- **WHAT THIS TASK INVOLVES**
Below are entries; copy exactly the lines from the one with "Casa com 588m²" through the one with "Pemain Argentina, Lautaro", both included, and leave out the rest.

- **TASK INPUTS**
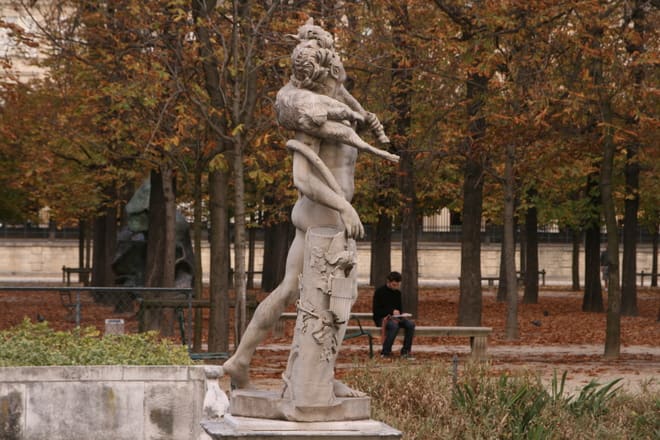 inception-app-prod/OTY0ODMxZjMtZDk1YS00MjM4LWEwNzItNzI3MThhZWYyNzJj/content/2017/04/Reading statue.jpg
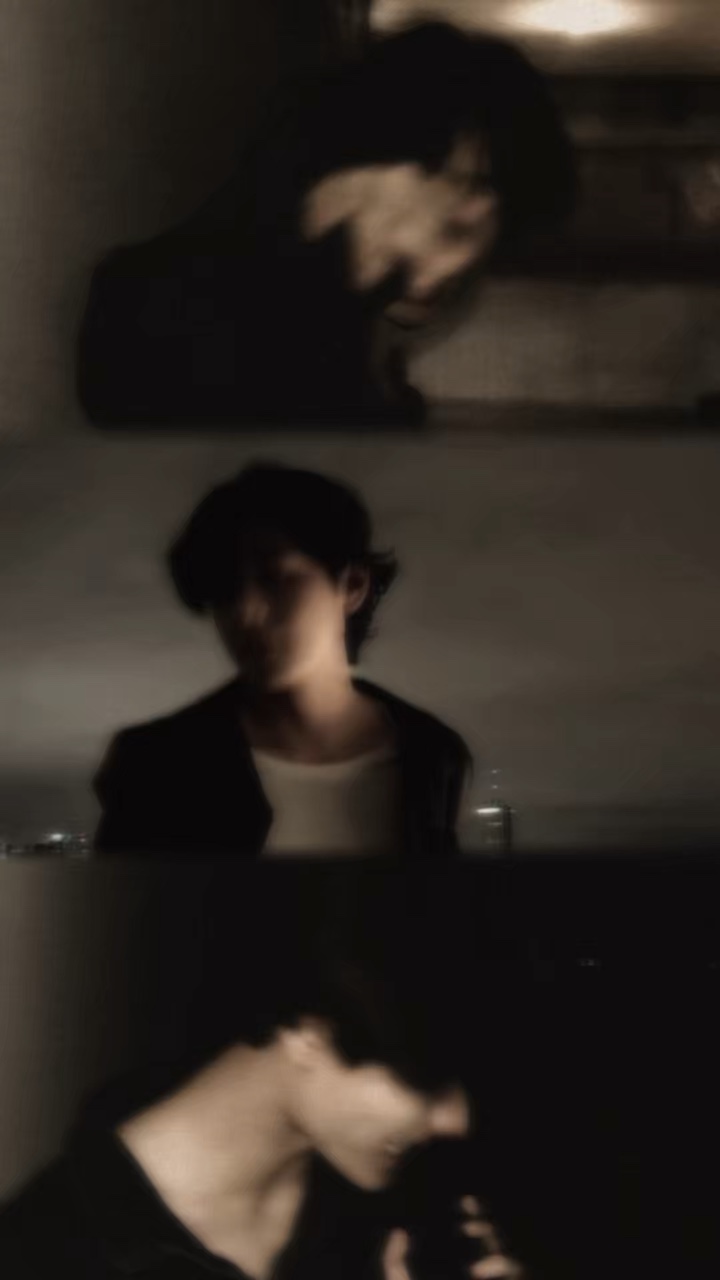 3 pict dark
---
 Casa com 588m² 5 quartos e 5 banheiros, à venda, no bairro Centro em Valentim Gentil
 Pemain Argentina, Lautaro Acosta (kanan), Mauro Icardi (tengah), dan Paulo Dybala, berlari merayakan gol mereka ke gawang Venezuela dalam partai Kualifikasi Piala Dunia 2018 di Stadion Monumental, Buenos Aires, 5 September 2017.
==
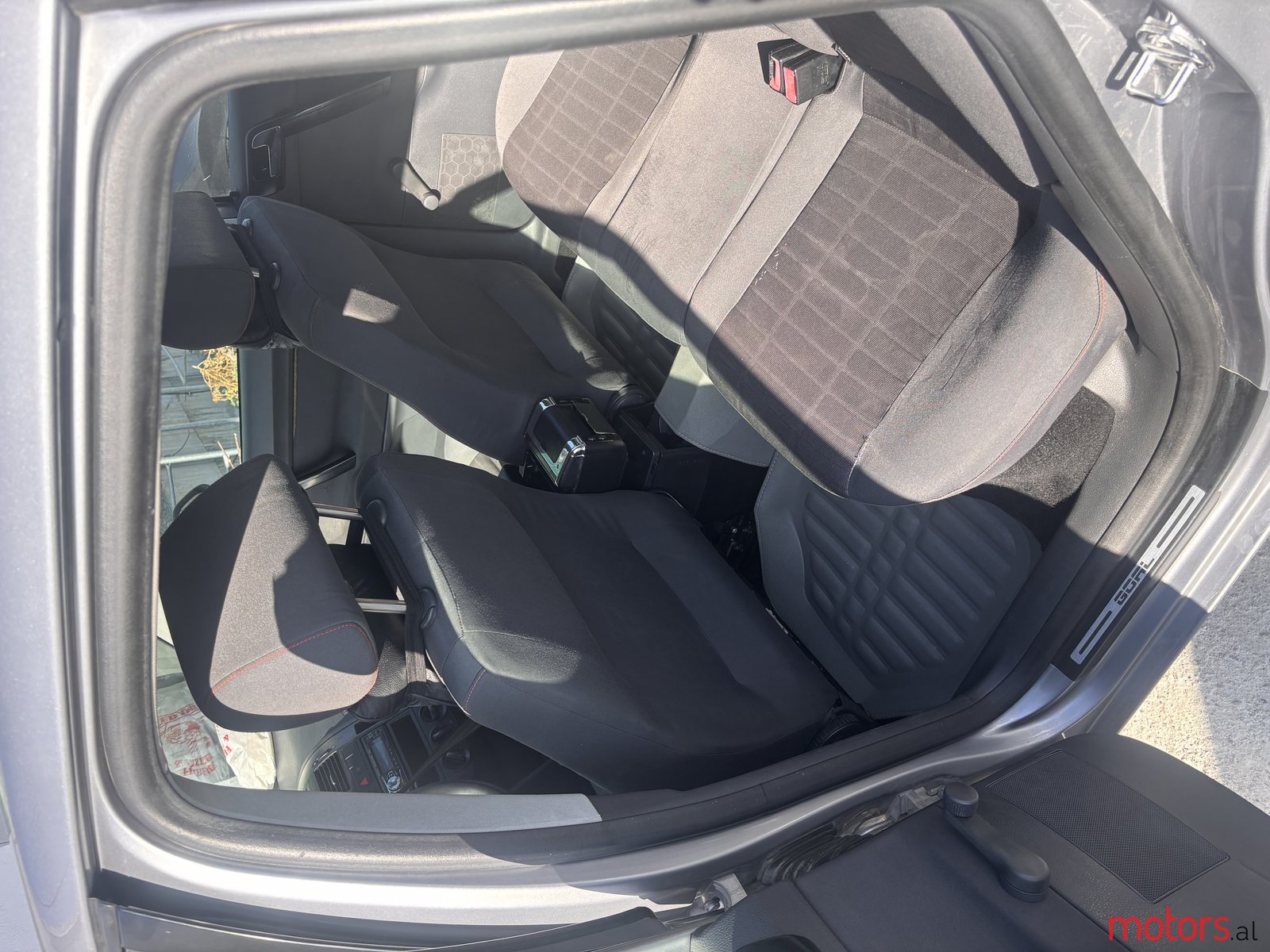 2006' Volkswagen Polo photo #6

- **TASK ANSWER**
 Casa com 588m² 5 quartos e 5 banheiros, à venda, no bairro Centro em Valentim Gentil
 Pemain Argentina, Lautaro Acosta (kanan), Mauro Icardi (tengah), dan Paulo Dybala, berlari merayakan gol mereka ke gawang Venezuela dalam partai Kualifikasi Piala Dunia 2018 di Stadion Monumental, Buenos Aires, 5 September 2017.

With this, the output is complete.